Hoy no amaneció feo. Amaneció asqueroso. Todo mojado
por una mezcla de niebla y llovizna. Presión altísima y calor, anunciando
alguna catástrofe climática, cosa que ya gritaban ayer las hormigas negras del
jardín mientras yo cortaba el pasto, trotando frenéticas con cuanta comida
podían acarrear. Al rato nomás se descargó el primer aguacero.
¡Qué bueno! Pensé. Tengo toda la mañana para
dedicarme a poner en orden los papeles en la veterinaria.
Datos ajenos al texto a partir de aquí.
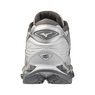 Mizuno WAVE PROPHECY LS Cloudscape/white/silver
Pero cerca de las diez de la mañana, me llamó
Roberto para avisarme que tenía una vaquillona que no podía parir:
-¿Podrás venir? Me parece que el ternero tiene la
cabeza para atrás, le metí la mano y no toco nada-
-¡Si Roberto! Enseguida voy para allá y de paso
aprovecho que el día está buenísimo para andar en el campo- Le dije, riendo
para no llorar.
-¡Vamos dotorcito! ¡No se me achique! ¡Ah! ¡Otra
cosa! La vaquillona se me empacó y no la pude llevar a la manga así que la dejé
en el potrero.
Antes de salir me cambié con cuidado en la
veterinaria, poniéndome todo el atuendo de partero, más el equipo impermeable y
las infaltables botas de goma ¡Y salí nomás! El camino de tierra todavía estaba
transitable, aunque bastante resbaloso. Pasé por la casa del campo a buscar a
Roberto, y nos fuimos hasta el potrero, donde estaba esperándonos la
parturienta.
El resto fue pura diversión. Enlazamos, volteamos y
maneamos la vaquita, y pronto supe que el ternero venía de patas y por eso
Roberto no había tocado la cabeza. Lo acomodé para que encajara su caderita en
la de la madre y lo sacamos, ayudándonos con un aparejo para hacer fuerza. El
tipo, un machito, estaba medio ahogado pero vivo, así que después de alguna
asistencia agarró mecha y empezó con los intentos de pararse.
A la vuelta, nos entretuvimos un rato largo tomando
mate y charlando en la casa, mientras la lluvia seguía cayendo incansable.